Creativity as a State (Neuro-cognitive Dynamics)

No ability is more valued in the modern innovation-fueled economy than thinking creatively on demand, and the ability to consciously engage a heightened state of creative thinking (i.e., to try and succeed at thinking more creatively) is important for education and a rich mental life. While brain-based creativity research has focused on static individual differences in trait creativity, little is known about how changes in brain function support a state of heightened creative thinking when creativity is required. In addition, it is largely unknown whether a person can consciously engage and disengage a heightened creative state dynamically across short durations of time. This is particularly surprising because mechanisms that make creativity dynamic within an individual are likely to be critical for enabling current efforts in science, education, and industry to improve creative thinking and augment creative output.  

An area of focus for our research is creative relational reasoning, using semantic distance to enable a quantitative approach to measuring creative performance in reasoning. Our work on creative solution generation via relational reasoning demonstrated that frontopolar activity increases to support increasing semantic distance when participants generate solutions to creative reasoning problems (Green, Kraemer et al., 2012). In a separate set of studies, we are investigating the ability of individuals to augment their creative thinking on demand (i.e., state creativity augmentation). We found the somewhat surprising result that simply instructing participants to “think creatively” during analogical reasoning resulted in more creative analogies as measured by semantic distance, without negatively impacting accuracy (Green, Cohen et al., 2012; Weinberger et al., 2016). To identify the neural basis of augmented state creativity, we have developed a “thin slices of creativity” paradigm that is suitable for the fMRI environment, and have extensively validated this measure of creativity in relation to standard creativity measures (Prabhakaran et al., 2013). 

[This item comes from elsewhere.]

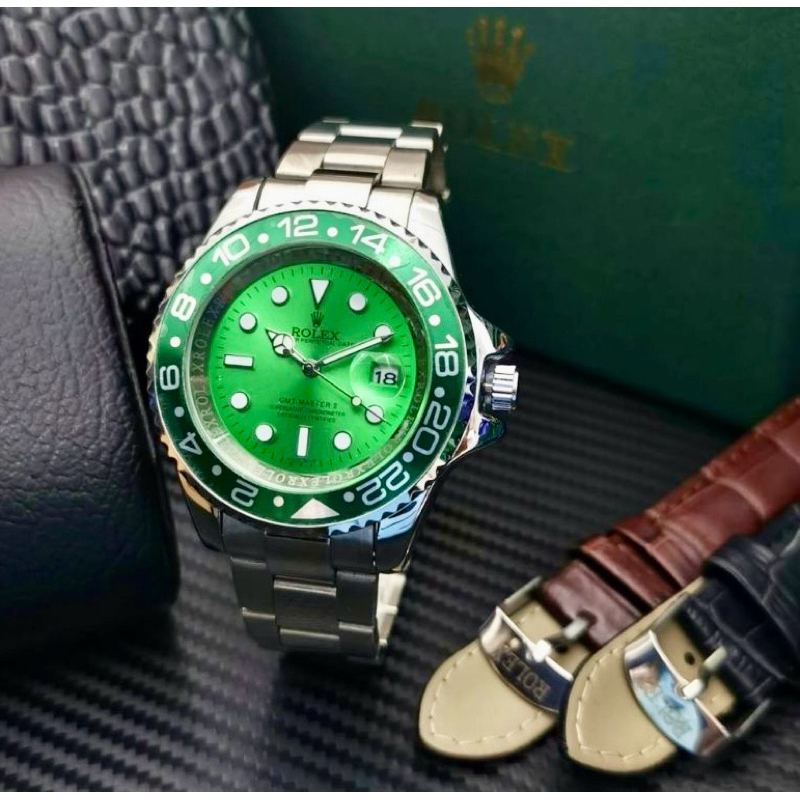 Jam Tangan Pria Rolex GMT-Master Pepsi Rantai Steel Free Box Rolex + 1 Tali Kulit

Extending this work to identify underlying neural dynamics, we found that the phenomenon of temporarily heightened state creativity is strongly related to short-duration increases in frontopolar cortex activity, and alterations in this brain region’s connectivity with other prefrontal brain regions (Green et al., 2015). Notably, we found that differences between people in the amount they increased frontopolar activity predicted differences in the amount they increased their creative performance.